Today films, television, popular songs, even advertising convey the impression that love is primarily a physical thing and attraction is enough to maintain an enduring relationship. Of course physical attraction is essential but impressions must then be reinforced by honest insights of a persons character if we are to be able to share our deepest thoughts; hopes, dreams, fears and failures with our loved ones and friends knowing that they will empathies, reassure and affirm, builds appreciation, trust and respect.
Words express our emotions, our inspiration, our perspective, our joy, our rage a different sort of power.
Shelly’s “Loves Philosophy” a poem on physical love written a hundred years ago touches hearts and minds in a wholly different way than Churchill or Luther King (please see my previous blog), he is not trying to persuade nations it is much more personal.

The fountains mingle with the river
And the river with the ocean,
The winds of Heaven mix for ever with a sweet emotion:
Nothing in the world is single,
All things by a divine law in one spirit meet and mingle –
Why not I with thine?

See the mountains kiss high Heaven
And the waves clasp one another;
No sister-flower would be forgiven
If it disdained its brother;
And the sunlight clasps the earth
And the moonbeams kiss the sea –
What are all these kissings worth if thou kiss not me?

Shelly’s poem is about physical love he does not allude to the character of his beloved. His friend, and sometimes notorious womaniser, Byron wrote a poem also about physical beauty but he ends with recognizing that the character of the lady is part of her beauty.
She walks in beauty, like the night
Of cloudless climes and starry skies;
And all that’s best of dark and bright
Meet in her aspect and her eyes:
Thus mellow’d to that tender light
Which heaven to gaudy day denies.

One shade the more, one ray the less,
Had half impaired the nameless grace
Which waves in every raven tress,
Or softly lightens o’er her face;
Where thoughts serenely sweet express
How pure, how dear their dwelling-place.

And on that cheek, and o’er that brow,
So soft, so calm, yet eloquent,
The smiles that win, the tints that glow,
But tell of days in goodness spent,
A mind at peace with all below,
A heart whose love is innocent!

The “Love language” of unconditional love, written thousands of years before either Shelly’s or Byron’s poems. is about human character and is still touching hearts and minds and changing the world today.

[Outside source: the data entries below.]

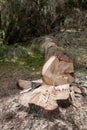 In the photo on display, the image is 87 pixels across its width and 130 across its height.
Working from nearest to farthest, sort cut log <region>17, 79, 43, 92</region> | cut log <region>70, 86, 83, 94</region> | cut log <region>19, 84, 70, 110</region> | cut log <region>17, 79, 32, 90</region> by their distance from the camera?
cut log <region>19, 84, 70, 110</region> < cut log <region>70, 86, 83, 94</region> < cut log <region>17, 79, 43, 92</region> < cut log <region>17, 79, 32, 90</region>

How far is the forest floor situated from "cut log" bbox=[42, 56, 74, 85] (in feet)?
1.21

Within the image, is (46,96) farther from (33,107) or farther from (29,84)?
(29,84)

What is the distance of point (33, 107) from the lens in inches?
169

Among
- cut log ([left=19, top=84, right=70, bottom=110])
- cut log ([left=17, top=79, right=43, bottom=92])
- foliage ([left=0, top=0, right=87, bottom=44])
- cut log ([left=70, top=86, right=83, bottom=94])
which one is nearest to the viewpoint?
cut log ([left=19, top=84, right=70, bottom=110])

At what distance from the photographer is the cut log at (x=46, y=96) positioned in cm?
423

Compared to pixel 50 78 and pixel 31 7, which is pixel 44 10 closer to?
pixel 31 7

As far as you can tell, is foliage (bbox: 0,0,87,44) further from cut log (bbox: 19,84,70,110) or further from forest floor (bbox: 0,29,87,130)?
cut log (bbox: 19,84,70,110)

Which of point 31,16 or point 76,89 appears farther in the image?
point 31,16

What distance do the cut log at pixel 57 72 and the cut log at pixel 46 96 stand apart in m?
0.16

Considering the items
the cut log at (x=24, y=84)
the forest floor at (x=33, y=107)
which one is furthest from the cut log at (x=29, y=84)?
the forest floor at (x=33, y=107)

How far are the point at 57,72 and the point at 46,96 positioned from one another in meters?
0.60

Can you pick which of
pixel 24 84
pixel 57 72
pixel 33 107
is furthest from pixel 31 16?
pixel 33 107

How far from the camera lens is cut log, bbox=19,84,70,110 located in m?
4.23

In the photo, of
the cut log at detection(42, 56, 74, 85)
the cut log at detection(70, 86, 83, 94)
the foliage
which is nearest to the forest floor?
the cut log at detection(70, 86, 83, 94) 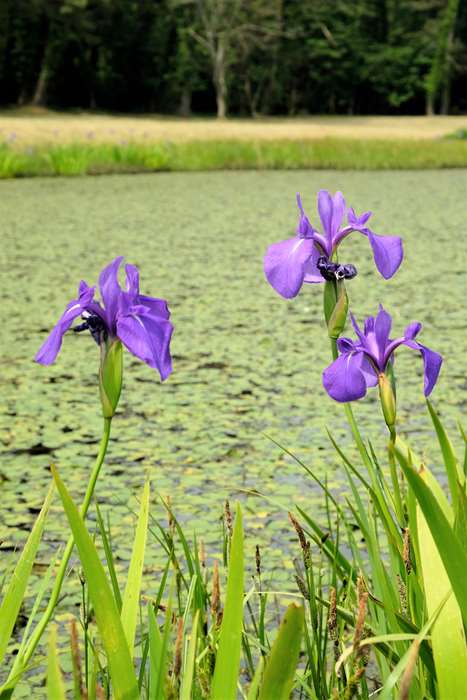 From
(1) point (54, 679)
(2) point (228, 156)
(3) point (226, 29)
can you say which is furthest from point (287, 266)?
(3) point (226, 29)

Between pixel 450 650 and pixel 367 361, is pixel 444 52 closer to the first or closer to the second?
pixel 367 361

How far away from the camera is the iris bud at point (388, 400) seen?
0.95m

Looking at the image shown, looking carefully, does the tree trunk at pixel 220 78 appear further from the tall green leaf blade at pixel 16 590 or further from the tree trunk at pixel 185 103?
the tall green leaf blade at pixel 16 590

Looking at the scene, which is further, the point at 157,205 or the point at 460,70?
the point at 460,70

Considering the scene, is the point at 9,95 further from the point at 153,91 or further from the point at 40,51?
the point at 153,91

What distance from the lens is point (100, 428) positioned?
90.6 inches

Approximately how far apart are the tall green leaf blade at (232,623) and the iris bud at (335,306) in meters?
0.26

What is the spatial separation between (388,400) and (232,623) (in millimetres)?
293

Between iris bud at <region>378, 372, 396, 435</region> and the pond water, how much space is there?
8.9 inches

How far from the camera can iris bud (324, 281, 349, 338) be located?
0.95m

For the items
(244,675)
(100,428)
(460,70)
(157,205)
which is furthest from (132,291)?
(460,70)

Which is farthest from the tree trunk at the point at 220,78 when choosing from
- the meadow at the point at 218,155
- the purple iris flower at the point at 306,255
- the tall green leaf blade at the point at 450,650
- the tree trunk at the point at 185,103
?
the tall green leaf blade at the point at 450,650

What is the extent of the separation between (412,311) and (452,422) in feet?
3.84

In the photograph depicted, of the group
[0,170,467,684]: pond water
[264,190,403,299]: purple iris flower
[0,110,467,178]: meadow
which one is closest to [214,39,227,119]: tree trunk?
[0,110,467,178]: meadow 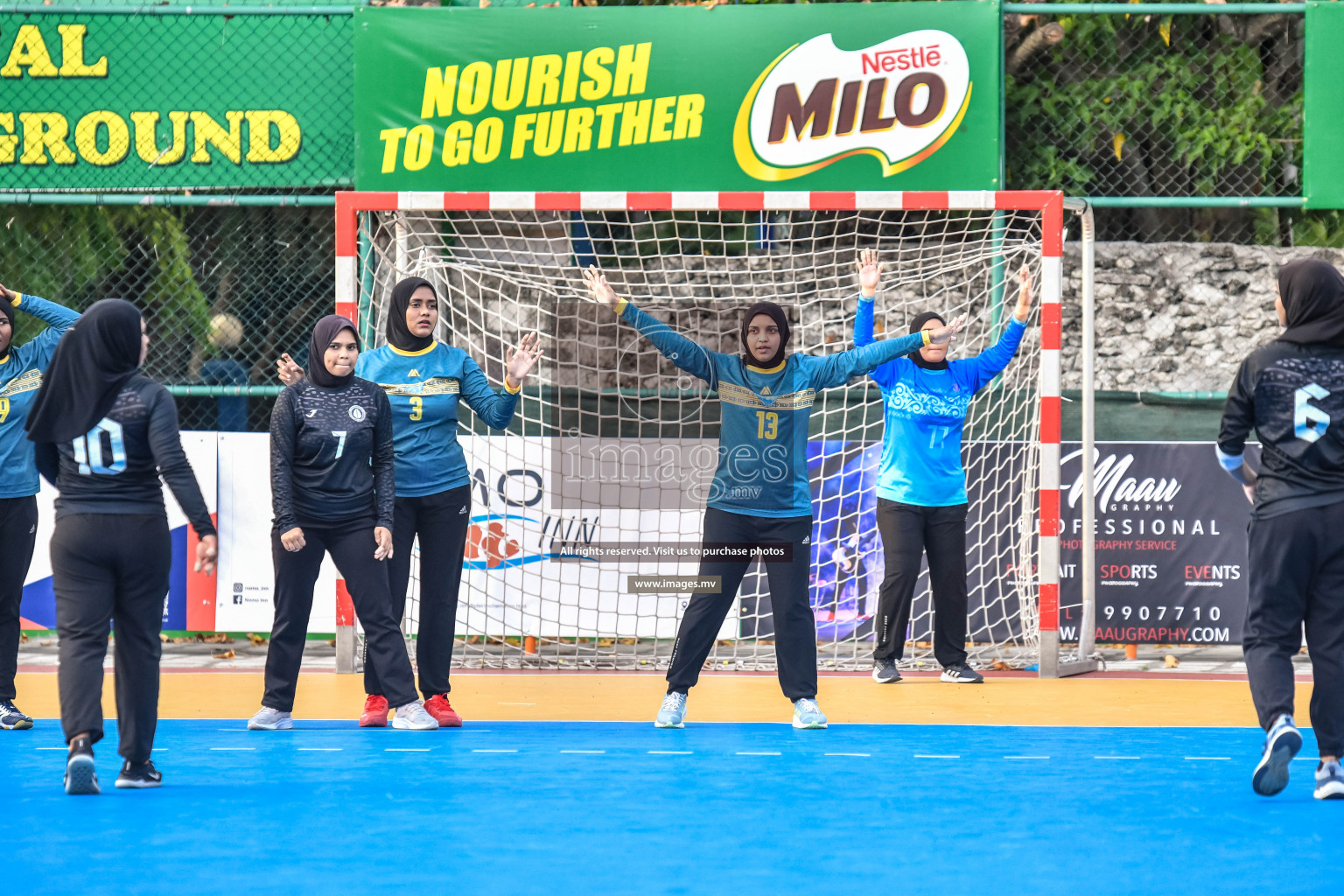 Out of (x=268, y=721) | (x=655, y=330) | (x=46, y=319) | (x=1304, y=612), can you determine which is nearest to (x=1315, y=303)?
(x=1304, y=612)

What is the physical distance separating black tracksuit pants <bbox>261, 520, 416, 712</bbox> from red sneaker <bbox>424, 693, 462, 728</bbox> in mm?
202

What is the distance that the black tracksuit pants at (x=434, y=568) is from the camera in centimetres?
644

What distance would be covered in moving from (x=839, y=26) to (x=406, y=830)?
23.7ft

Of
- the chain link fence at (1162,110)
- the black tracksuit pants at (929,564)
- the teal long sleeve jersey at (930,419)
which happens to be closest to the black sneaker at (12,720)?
the black tracksuit pants at (929,564)

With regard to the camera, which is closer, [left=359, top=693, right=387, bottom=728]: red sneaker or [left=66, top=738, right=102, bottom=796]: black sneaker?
[left=66, top=738, right=102, bottom=796]: black sneaker

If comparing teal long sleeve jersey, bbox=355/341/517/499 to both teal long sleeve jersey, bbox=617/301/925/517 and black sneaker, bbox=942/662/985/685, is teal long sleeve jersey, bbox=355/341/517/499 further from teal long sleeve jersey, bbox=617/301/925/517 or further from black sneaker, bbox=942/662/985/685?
black sneaker, bbox=942/662/985/685

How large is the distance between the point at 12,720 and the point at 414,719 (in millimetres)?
1864

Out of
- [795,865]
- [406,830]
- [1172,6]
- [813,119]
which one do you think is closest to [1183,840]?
[795,865]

“Love is patient, love is kind. It does not envy, it does not boast, it is not proud.
It is not rude, it is not self-seeking, it is not easily angered, it keeps no record of wrongs.
Love does not delight in evil but rejoices with the truth.
It always protects, always trusts, always hopes, always perseveres.”
1Corithians 13:1-13

Virtually every wedding I have ever been to has included this scripture in its service but it is not just describing marital love it applies to every relationship, one human being to another: family, friend, colleague, neighbour or stranger. “Love Language”: stirring emotions, challenging thought, lifting our perspective.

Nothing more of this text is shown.